Reproduce the listing below in full and without alteration, apart from its pictures.

**Data extracts**
§ §
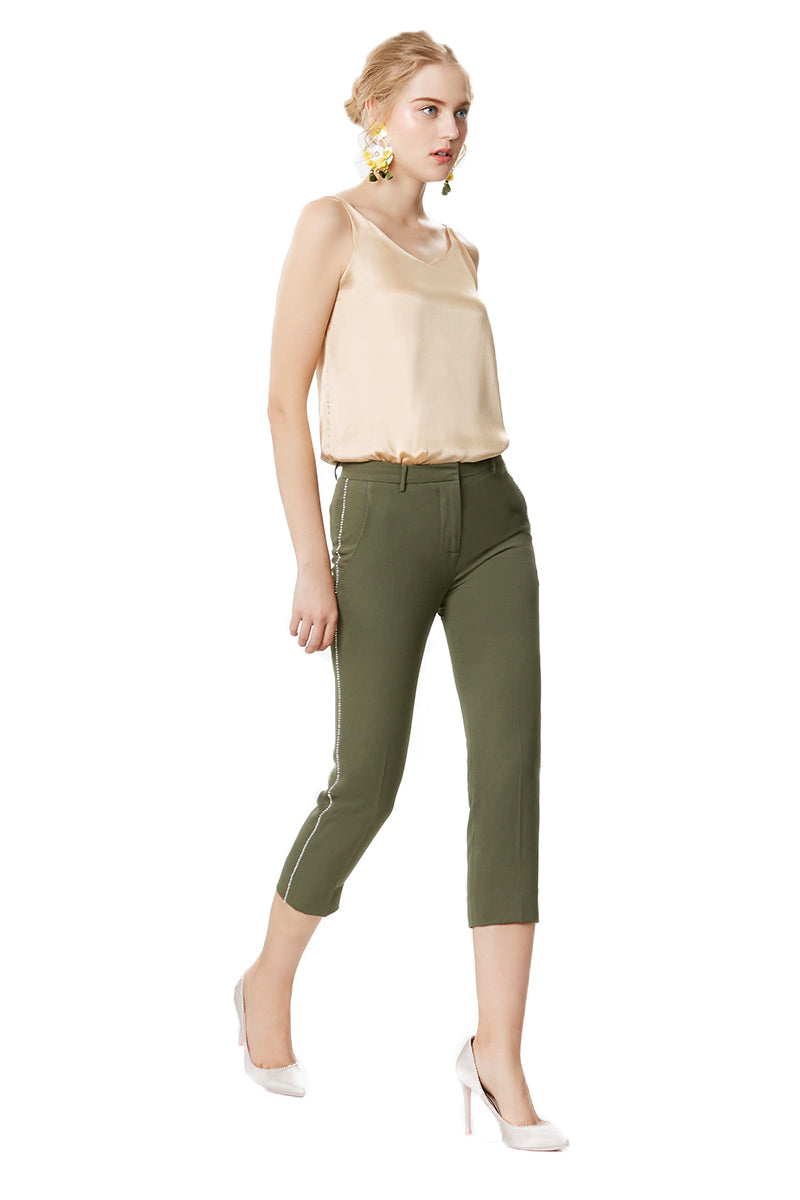 IY Beaded Cropped Trousers In Khaki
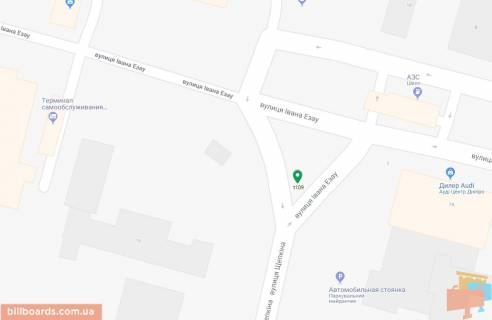 Билборд A в Днепр (Днепропетровск), 6х3  вул. Івана Езау (Булигіна), в районі буд. № 7 А, на розділовому трикутнику схема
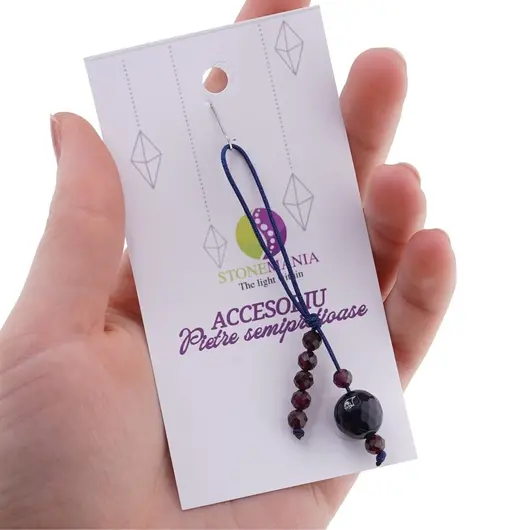 Accesoriu cu pietre semipretioase Agat mov sfera 10mm si Granat 4mm, imagine 3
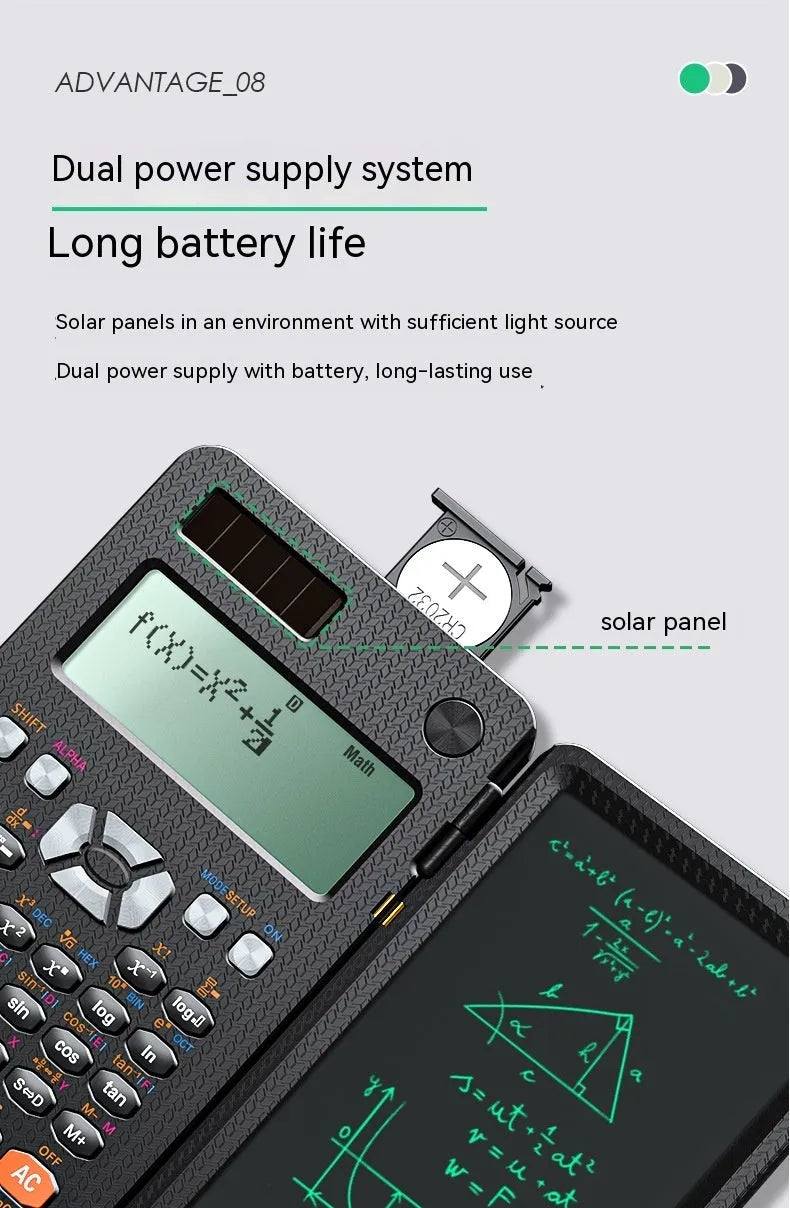 2-in-1 foldable scientific calculator with handwriting tablet in black ABS, showing LCD notepad and calculator keys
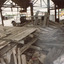 'Box Cottage' dismantled in sections, lying on the floor of the storage building of the Lewis Timber Co Ltd Jasper Road Ormond (2 of 3)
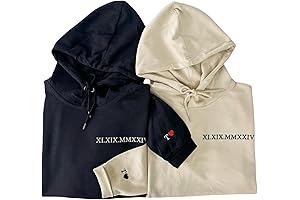 Personalized Roman Numeral Date Hoodies for Couples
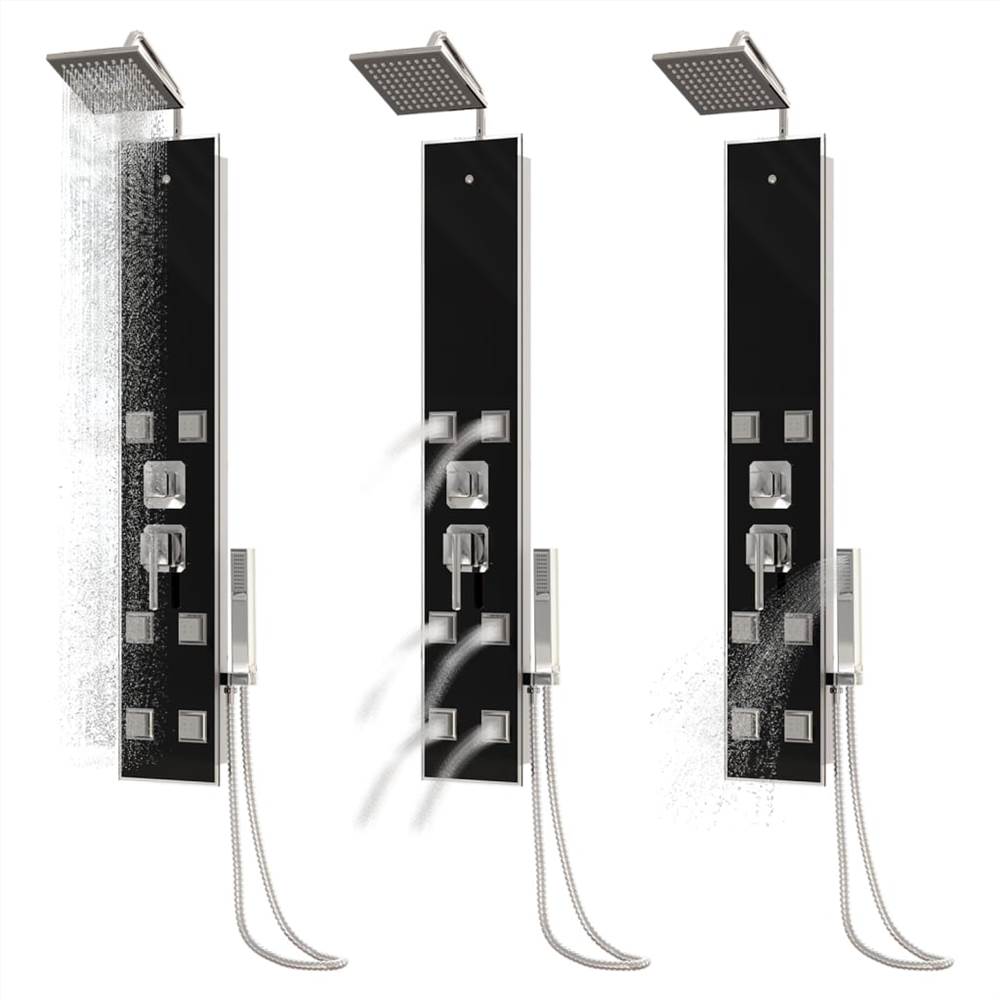 Shower Panel Unit Glass 18x45.5x130 cm Black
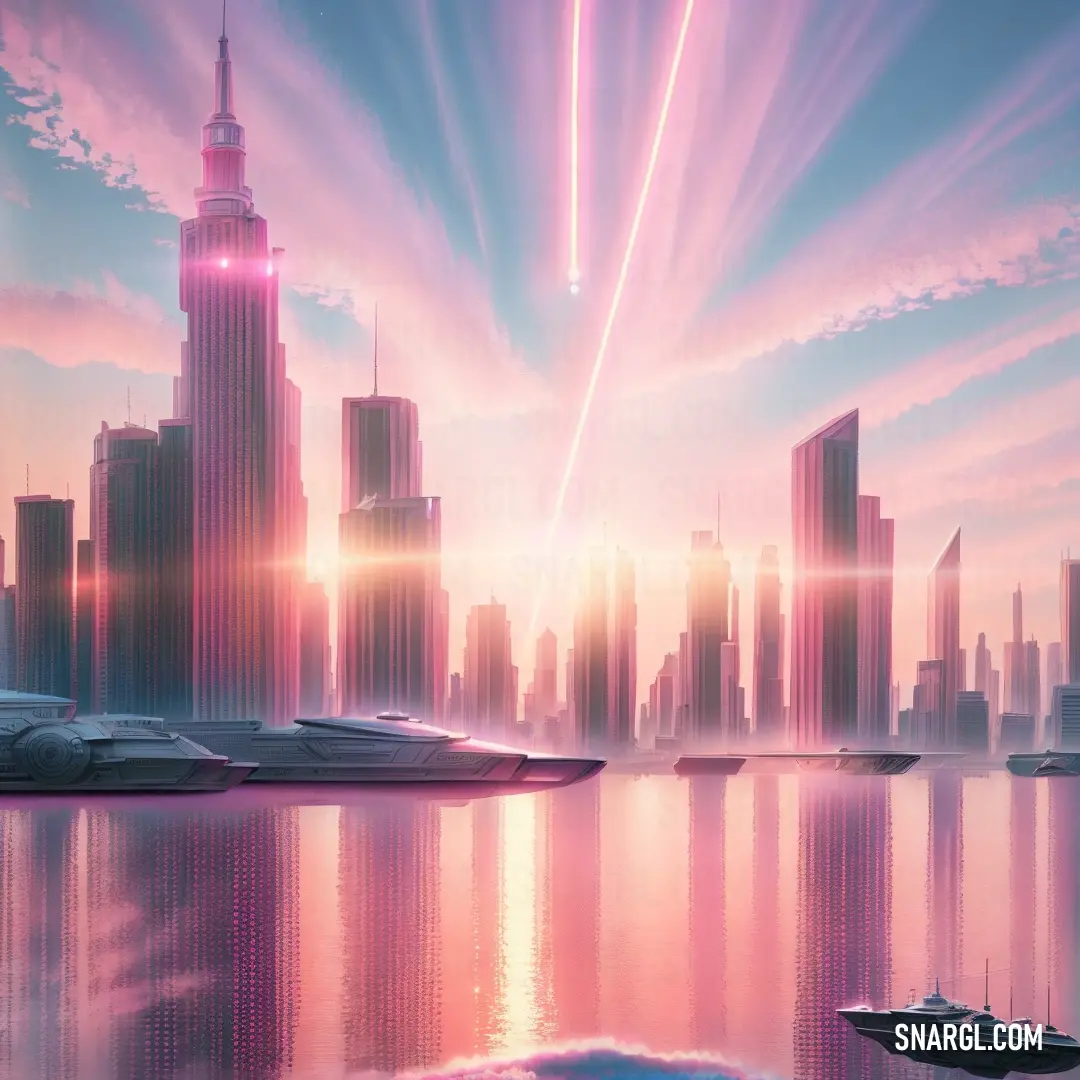 City skyline with a boat in the water and a bright pink sky with a pink and blue streak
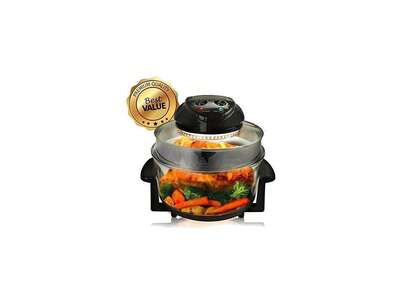  MegaChef Multipurpose Countertop Halogen Oven Air Fryer/Rotisserie/Roaster In Black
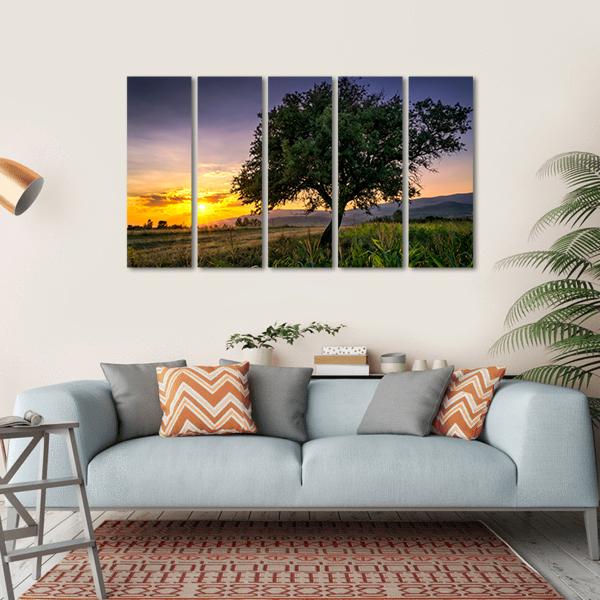 Tree By A Corn Field At Sunset Canvas Wall Art-4 Horizontal-Gallery Wrap-34" x 24"-Tiaracle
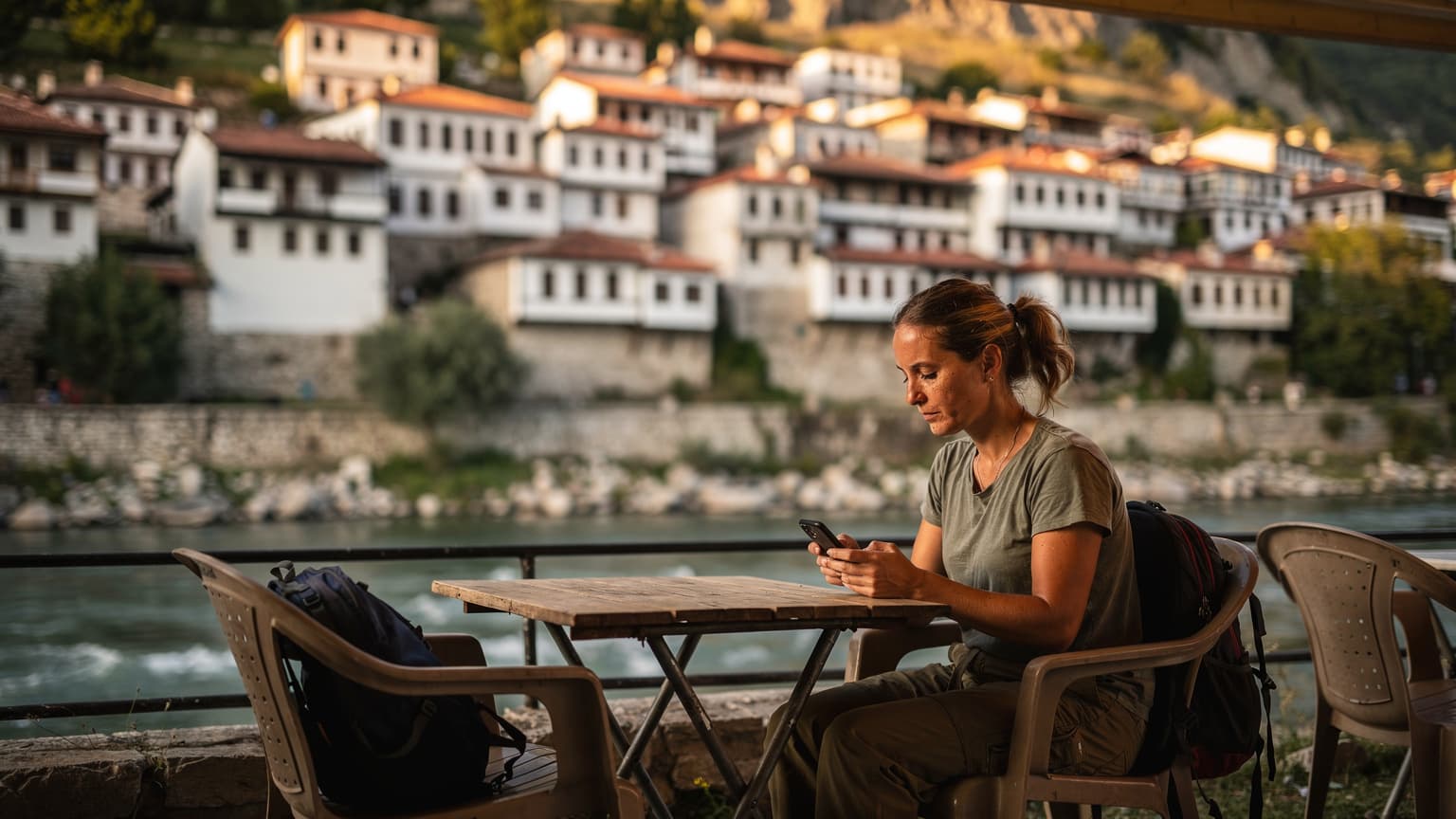 Arnavutluk'un Berat şehrinde, Osum Nehri kıyısında bir kafede oturan, elinde telefon tutan sırt çantalı bir gezgin, eski taş evlere bakıyor.
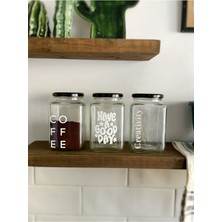 Feyza Design 3'lü Cam Kavanoz Seti, 1000 Cc, Dekoratif, Kahve, Çay, Şeker Saklama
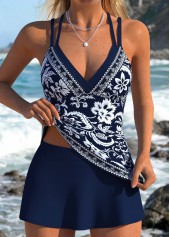 Mid Waisted Random Floral Print Fake 2in1 Tankini Set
§ §
**Exercise output**
 IY Beaded Cropped Trousers In Khaki
 Билборд A в Днепр (Днепропетровск), 6х3  вул. Івана Езау (Булигіна), в районі буд. № 7 А, на розділовому трикутнику схема
 Accesoriu cu pietre semipretioase Agat mov sfera 10mm si Granat 4mm, imagine 3
 2-in-1 foldable scientific calculator with handwriting tablet in black ABS, showing LCD notepad and calculator keys
 'Box Cottage' dismantled in sections, lying on the floor of the storage building of the Lewis Timber Co Ltd Jasper Road Ormond (2 of 3)
 Personalized Roman Numeral Date Hoodies for Couples
 Shower Panel Unit Glass 18x45.5x130 cm Black
 City skyline with a boat in the water and a bright pink sky with a pink and blue streak
  MegaChef Multipurpose Countertop Halogen Oven Air Fryer/Rotisserie/Roaster In Black
 Tree By A Corn Field At Sunset Canvas Wall Art-4 Horizontal-Gallery Wrap-34" x 24"-Tiaracle
 Arnavutluk'un Berat şehrinde, Osum Nehri kıyısında bir kafede oturan, elinde telefon tutan sırt çantalı bir gezgin, eski taş evlere bakıyor.
 Feyza Design 3'lü Cam Kavanoz Seti, 1000 Cc, Dekoratif, Kahve, Çay, Şeker Saklama
 Mid Waisted Random Floral Print Fake 2in1 Tankini Set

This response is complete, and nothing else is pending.